Я знаю, что у каждой женщины от лютого мороза болит в груди, как у меня, мерзнет спина, заиндевела одежда от дыхания тесно идущих. Если кто-нибудь чего-нибудь запросит, на того прикрикнет конвоир: терпи! А коли заволнуются бабенки, вякать начнут, конвоиры имеют право приказать им сесть всем до одной в снег, а то и так: «Ложи-сь!». И тогда надо ложиться, хотя бы и в лужу, а то дано солдатам право стрелять.
21
Ружье, винтовка.
Впереди ставят самых слабых и по ним рассчитывается скорость движения. Кто в рядах отстает, перегоняют в ряд передний. Если все крепки, колонну пускают бегом — согреться и бабам и конвоирам. Но в моей колонне бежать нельзя: сзади тянутся сани со впряженными бычками, сено укладывать.
Где-то за этой ледяной степью, вне ее пустынных просторов, летит Жизнь — делают научные открытия, кипит созидающая страда страны, грохочут поезда, набитые вольными (и заключенными) людьми, сверкают витрины магазинов, полные нужных и интересных книг, красивой одежды, еды, разнообразной и вкусной, горят зеленые настольные лампы в сумеречных читальных залах, мучаются родами любимые жены, улыбаются нарядные дамы, а здесь, среди снежного безмолвия, только толпа охраняемых штыками женщин, сестер, матерей, дочерей чьих-то, бредет добывать корм для скота, предназначенного не для своей потребы. И вот так по всей заснеженной России в этот час шагают, спотыкаясь, задыхаясь, проклиная свой подневольный и поэтому унылый труд, тысячи и тысячи таких прямоугольников, в которых нет ни социальной, ни умственной дифференциации — все зеки. Они, вернувшись, войдут в казармы со стуком — это будет шуметь их заиндевелая одежонка. И молча и покорно будет каждый проклинать эту безысходность ненужного каждому труда. И это тоже героизм. Героизм терпения.

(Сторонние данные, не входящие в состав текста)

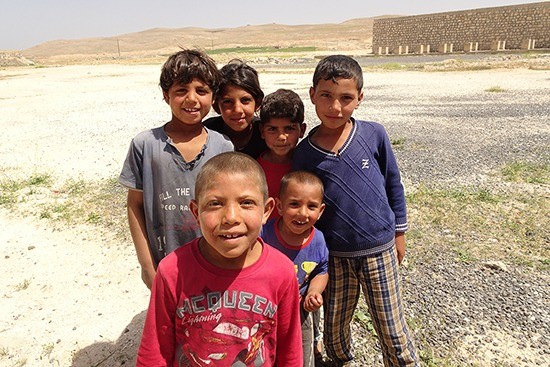 トルコ：シャンルウルファ県での食糧支援事業を一旦終了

В Арлюке конвоиры незлобные, побегов вроде бы на женучастках не помнится, зеки сидят подолгу, знают уж, кто чем дышит. Попадались, правда, и здесь среди надзирателей садисты и дураки, которым власть над слабейшим показать сладко. Один такой свирепец толкнул однажды меня на поверке, назвал «на ты». Оторопел, когда хорошо сделанным докторальным тоном ему заявила, что не знает инструкции: «на ты» не обращаться и не дотрагиваться до нас. Я-де пожалуюсь его начальству, пусть скажет свою фамилию, а если не скажет, все равно известно, кто делал у нас поверку. Парень не просто струсил, он чуть не упал, так неожиданно встретив отпор среди запуганных арлюкских бабенок и всегда потом смотрел на меня с недоуменной злобой: кто же это я, что посмела знать их инструкцию, может, из таких, как он сам? А вообще такое вот «знание инструкции» вредило мне, выделяло из рядов, а это влекло репрессии, как в Белово, когда я потребовала прекратить работу из-за метели.
Конвоирами при походах были мобилизованные солдаты, направляемые отбывать службу в войсках НКВД (несметных, понятно). Они понимали отлично, как ненавидимы и нами, и всем населением. Иные несли службу со стиснутым сердцем и открывались в этом нам при каком-либо одиночном сопровождении. Ведь у каждого — или отец, или дядя, или брат старший, или дед… Но они-то не виноваты — служба. А за побег зека сам садись, а сроки — огромные: «на троих — сто лет!». Конвоирами бывали и сами зеки с очень малыми сроками за незначительные преступления, каковым в СССР считается хулиганство. Такие были самые противно-бдительные.